Su relación con la familia franciscana es de toda la vida. En 1982 llegó a trabajar a la casa cuando era habitada por frailes. A sus 82 años, dice que una de las cosas que aprendió de los hermanos fue la importancia de la escucha. “Con un fraile aprendí a escuchar y creo que eso es lo más importante. Eso lo aplico en mi vida y en la convivencia con los jóvenes”, dice.

Pese a que el hogar no es administrado presencialmente por los hermanos franciscanos, la vinculación con la fraternidad y su carisma es directa y concreta. Una vez al mes un religioso visita el hogar para hablar con los estudiantes sobre algún tema de su interés, en una instancia de reflexión valórica. “A los jóvenes les resuena y les hace eco muchos de los valores franciscanos. La convivencia, la solidaridad, la justicia, la ecología son temas que les interesan. Algunos llegan con gran impronta y acá nos damos cuenta de que todos son hermanos. Aprenden a convivir, a respetarse. Se ha logrado transmitir el ser familia, independiente de que piensen de manera completamente diferente, porque tienen derecho a hacerlo y eso lo vivimos como un valor en la casa. Lo único que debemos tener es el mismo espíritu”, comenta Claudia.

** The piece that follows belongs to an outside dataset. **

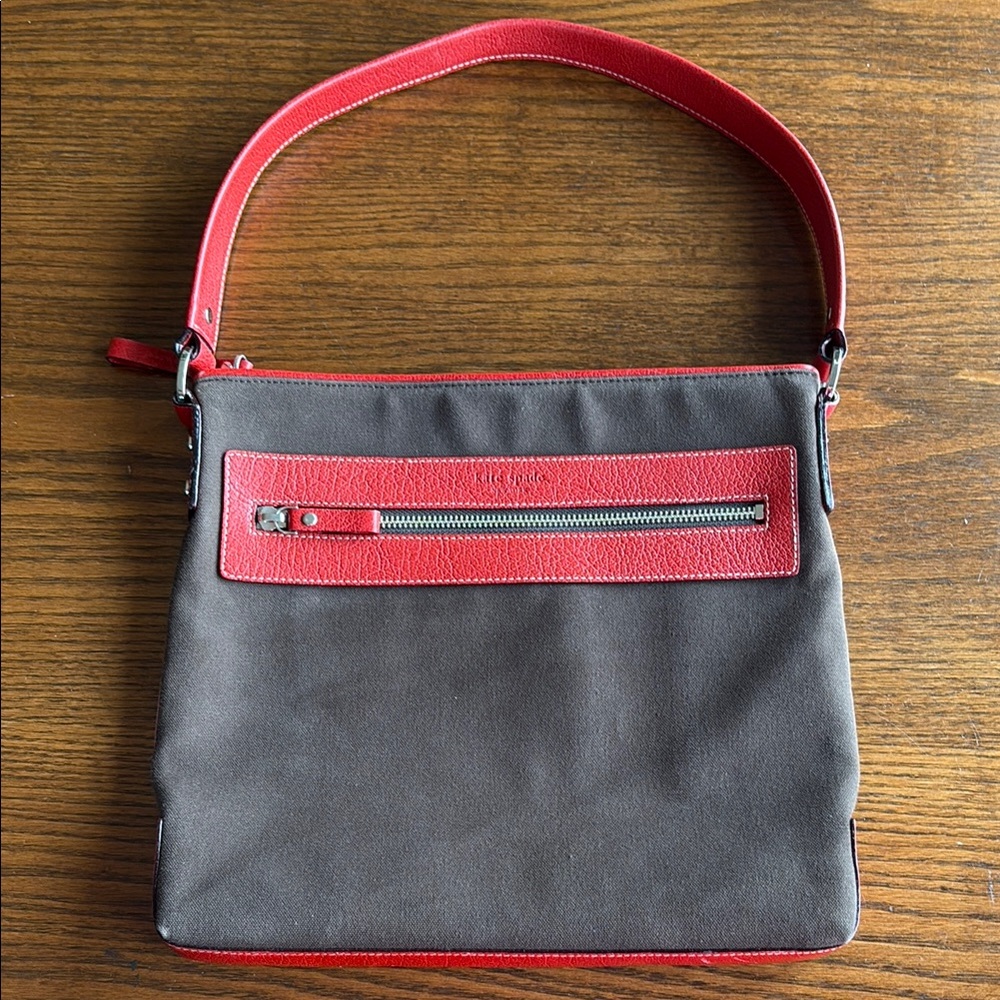 Kate Spade chocolate brown canvas/red leather top zipper bag w outside pocketEUC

La reunión de casa está a punto de terminar. Ya conversaron sobre sus responsabilidades y hasta se organizaron para participar de una colecta solidaria que se realizará durante las semanas venideras. Ya soplaron las velas y compartieron una torta. La jornada culmina y cada uno debe dirigirse a su habitación. Para algunos es el momento de dormir y para otros es tiempo de estudio. El objetivo es claro: ocuparse de cumplir sueños y convertirse en profesionales.